• [Your task]:
Output the data in full. Keep every word exact and exclude the pictures.

• [Exercise data]:
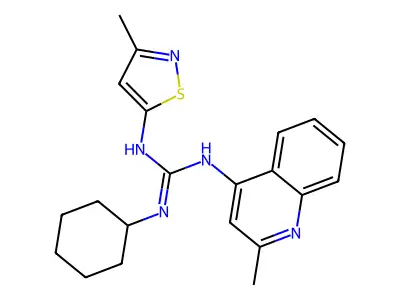 N-Cyclohexyl-N'-(3-methyl-5-isothiazolyl)-N''-(2-methyl-4-quinolinyl)guanidine structure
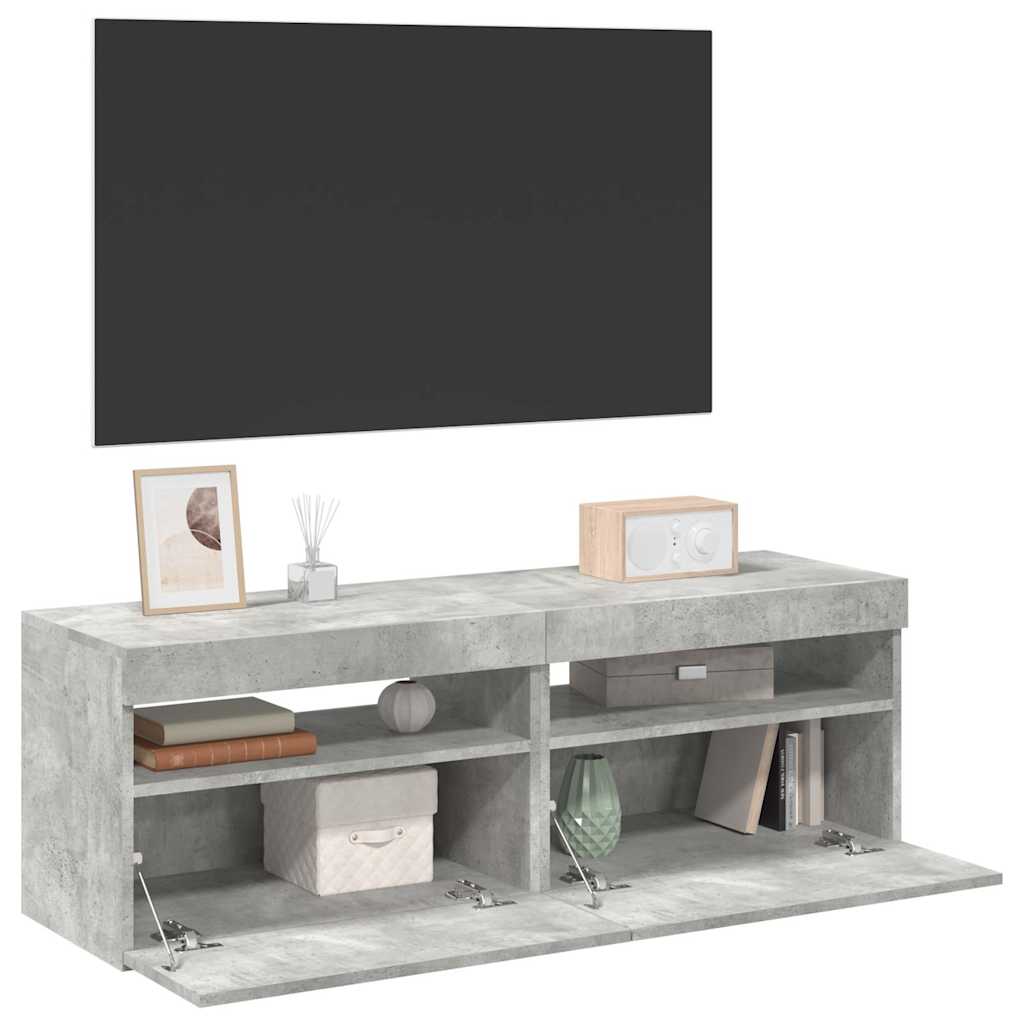 Vetonek Muebles de TV con luces LED 2 uds gris hormigón 60x35x40 cm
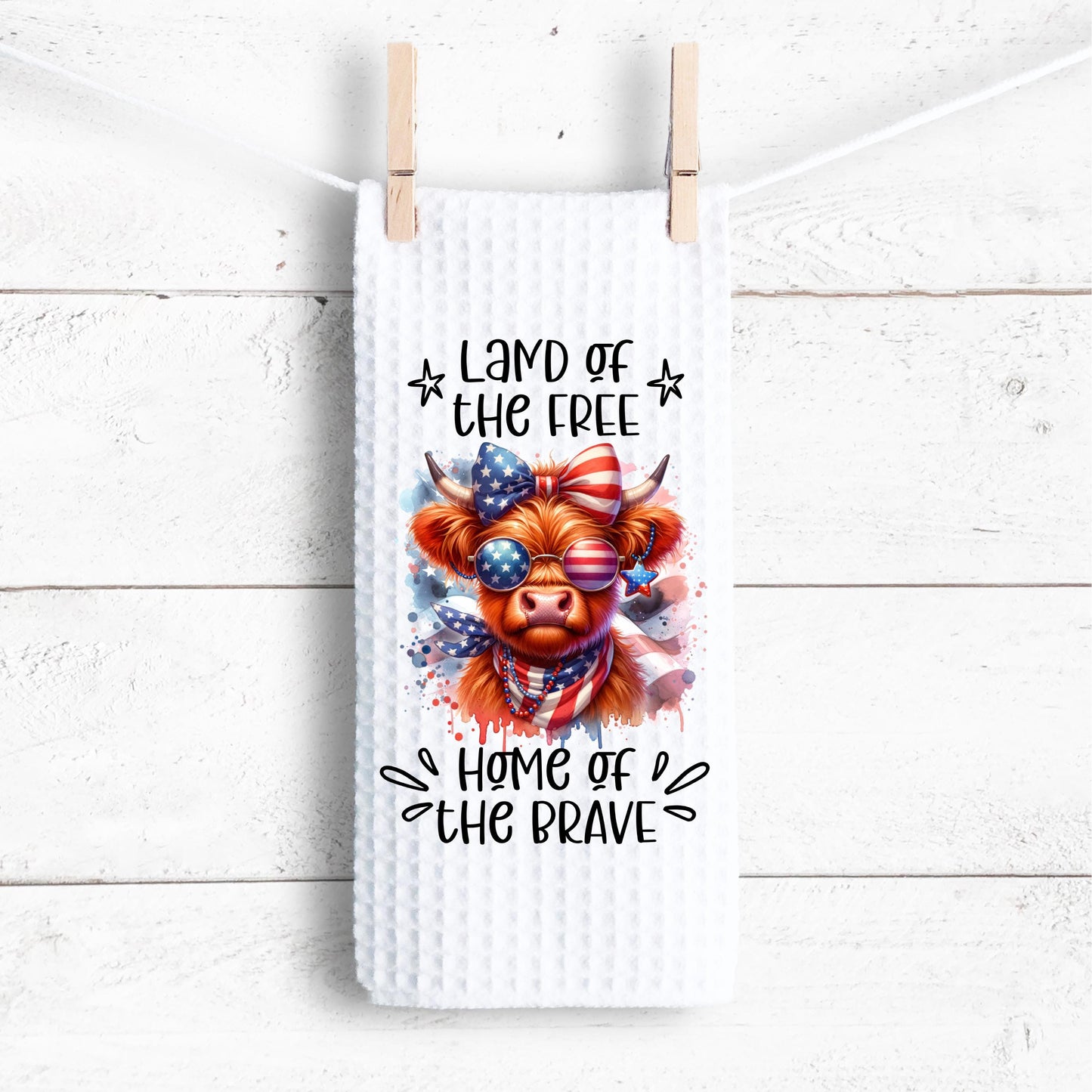 Patriotic Highland Cow Waffle Weave Towel - Unique Americana Kitchen Decor Hostess Gift for 4th of July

• [Exercise solution]:
 N-Cyclohexyl-N'-(3-methyl-5-isothiazolyl)-N''-(2-methyl-4-quinolinyl)guanidine structure
 Vetonek Muebles de TV con luces LED 2 uds gris hormigón 60x35x40 cm
 Patriotic Highland Cow Waffle Weave Towel - Unique Americana Kitchen Decor Hostess Gift for 4th of July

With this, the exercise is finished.